Greater Manchester Metro Limited
- Type: Consortium
- Industry: Public transport - light rail
- Founded: 1989
- Defunct: 1997
- Fate: Contract terminated
- Successor: Serco
- Headquarters: Manchester, England
- Area served: Greater Manchester
- Services: Design, build and operations
- Owner: Ansaldo Transporti, Serco, Laing Civil Engineering, 3i

= Greater Manchester Metro Limited =

Light rail consortium in Manchester, England

Greater Manchester Metro Limited (GMML) was a private company formed by the GMA consortium (GEC Alsthom, John Mowlem and AMEC) in 1989 to design, build and operate the Metrolink light rail system in Greater Manchester, England. Construction of the Metrolink system began in March 1990.
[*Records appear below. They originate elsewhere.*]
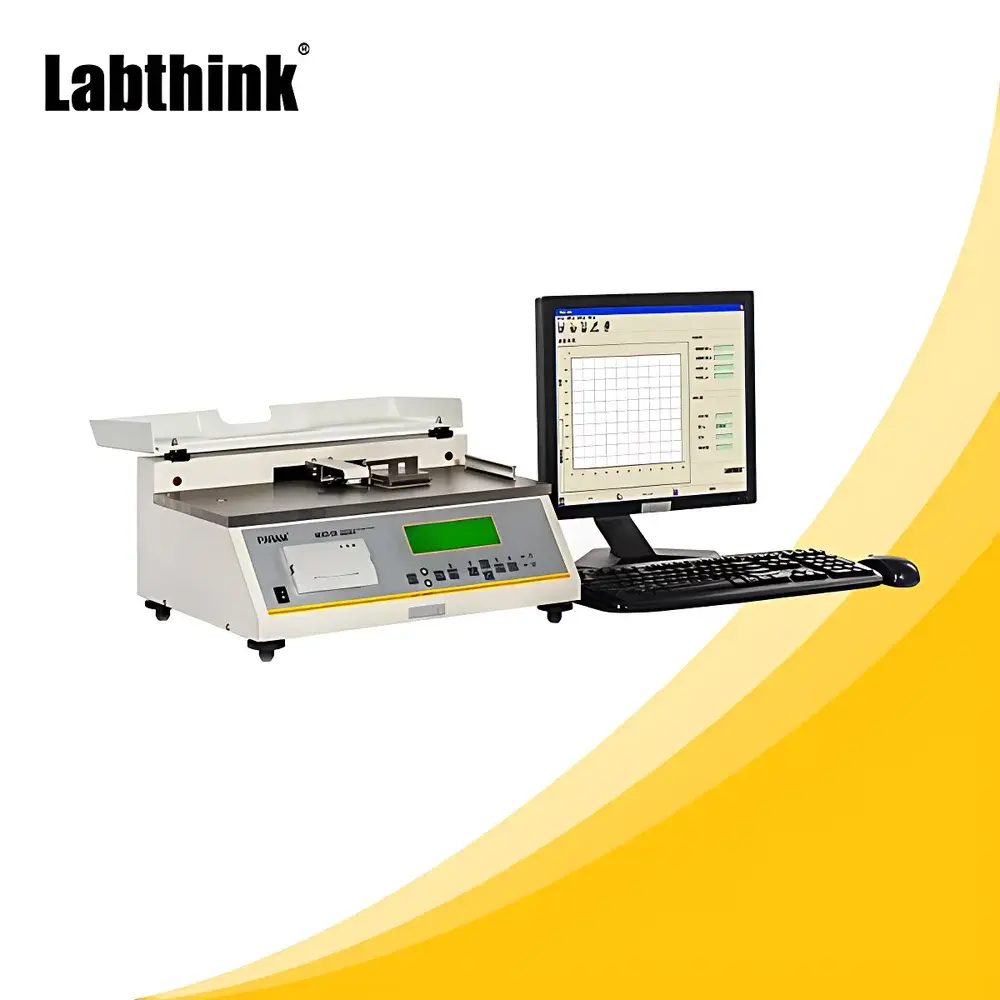 Labthink MXD-01 Coefficient of Friction Tester for Packaging Films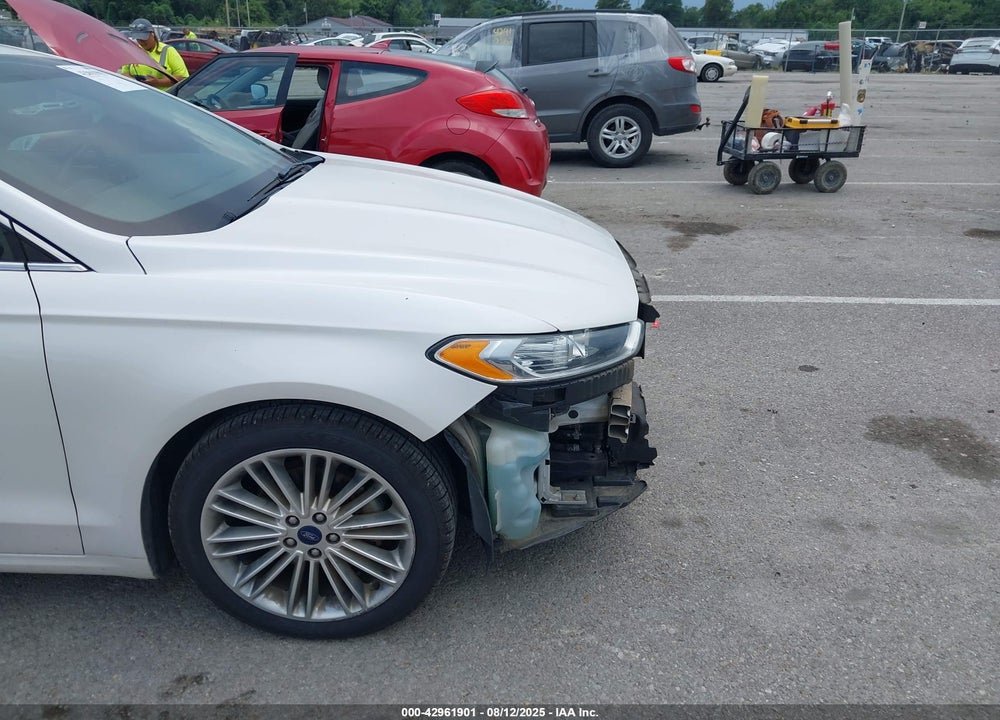 2016 FORD FUSION SE VIN: 3FA6P0HD6GR266197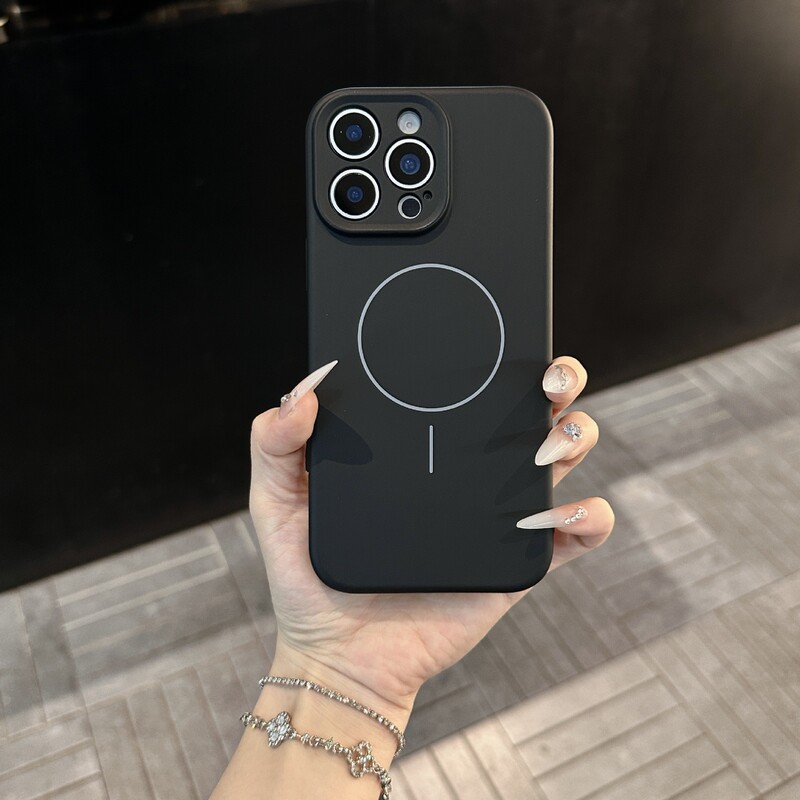 适用苹果17Promax手机壳iPhone16Pro液态硅胶15Pro全包防摔保护套|undefined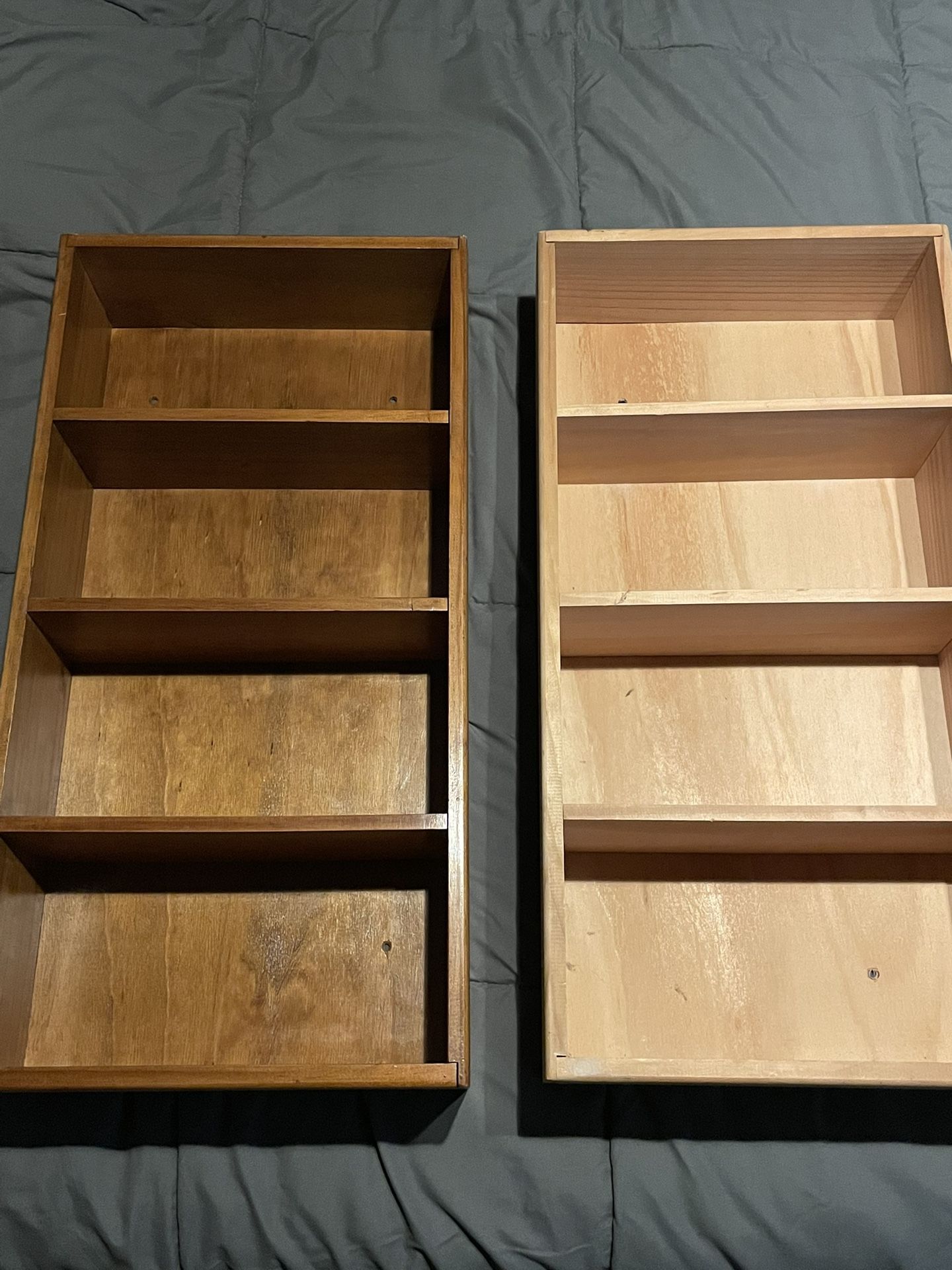 Wood Shelves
The contract was awarded for 15 years subject to early termination should the network be extended. In 1997 contracts for extension was let to Altram (Manchester), a consortium of Ansaldo Transporti, Serco, Laing Civil Engineering and 3i. Serco Metrolink, a wholly owned subsidiary of Serco Limited, took over the operations and maintenance of the system on 26 May 1997. In March 2003, Serco bought out its partners and Altram (Manchester) Limited became a wholly owned subsidiary of Serco.

In July 2007 the contract to operate Metrolink was awarded to Stagecoach. Unlike Serco, Stagecoach did not own the concession, merely operated it on a fixed-term management contract. Stagecoach later sold the contract to the RATP Group.